|
Run time:
106 min.
|
Taiwan
Winner of Best New Talent and Audience Favorite Film at the Hong Kong Asian Film Festival 2008
It’s Mother’s Day in Taipei and what starts off as Chen Mo’s simple desire to buy a cake for his wife turns into one incredibly long and tumultuous night. Chen’s marriage has been on the rocks and his hope is that a dinner date, complete with dessert, will set things right,. While Chen is inside trying to buy a cake, a car double parks next to his, thus blocking his exit. From this point forward, Taiwanese director Mong-Hong Chung unfolds his dark, surreal, at times funny, and complicated story.
Chen’s single goal becomes finding the owner of the blasted double-parked vehicle. While searching the nearest apartment building floor by floor, he discovers a cast of characters: a barbershop owner with one arm whose activity that night is cooking fish head soup, a prostitute from the Chinese mainland who’s trying to flee from her pimp, and a Hong Kong tailor captured by his debtors, among other unsavory but likeable types. Chang tackles the lead role with cool, and Kao and To definitely add depth.

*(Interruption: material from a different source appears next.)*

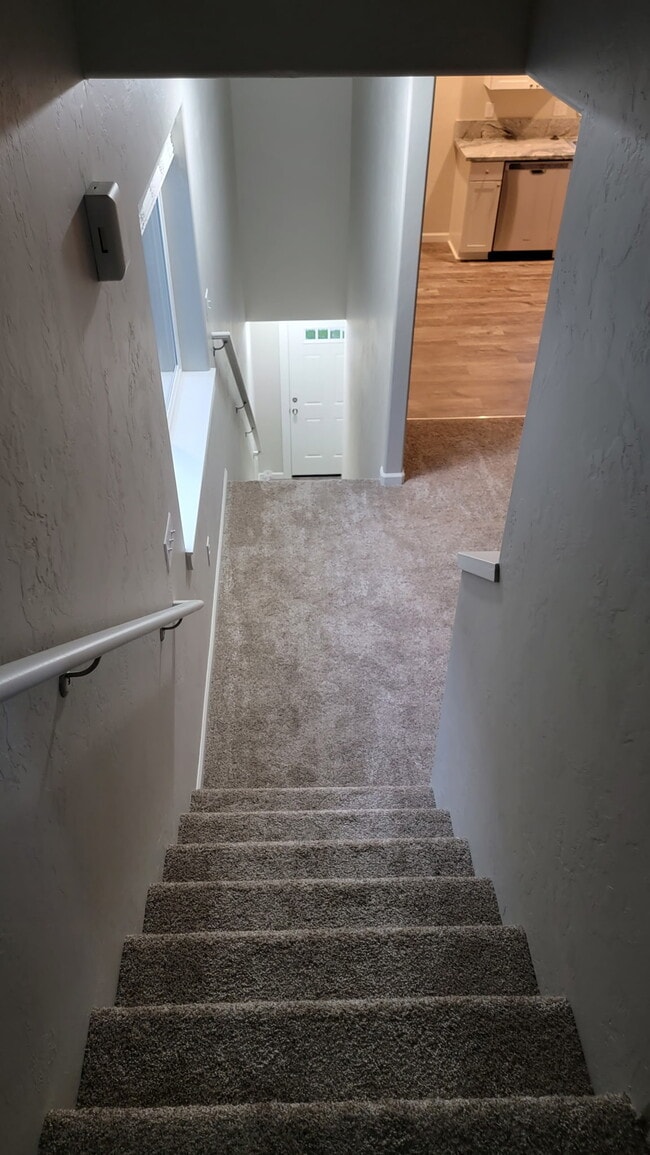 Photo - 7852 Jacqueline Way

The encounters are surreal, the conversations immediately bizarre, too intimate, and lead to one misunderstanding after another. And while PARKING takes place exclusively on the same city block, the movie is given movement via flashbacks that give insight into the characters’ backgrounds. The tones and the dialogues of each scene switch quickly, and viewers will have to adjust to the abrupt shifts. In fact, the scenes play much like Ho Ping’s “The Rules of the Game,” with which American audiences are more likely to be familiar.
While the motif of dawn offering a new day is completely obvious, it works since not just Chen, but all the characters are looking for the sun to rise on their collective dilemmas. After half a day spent looking for a simple solution to a simple urban annoyance, Chen is left thinking “What a long, strange trip it’s been."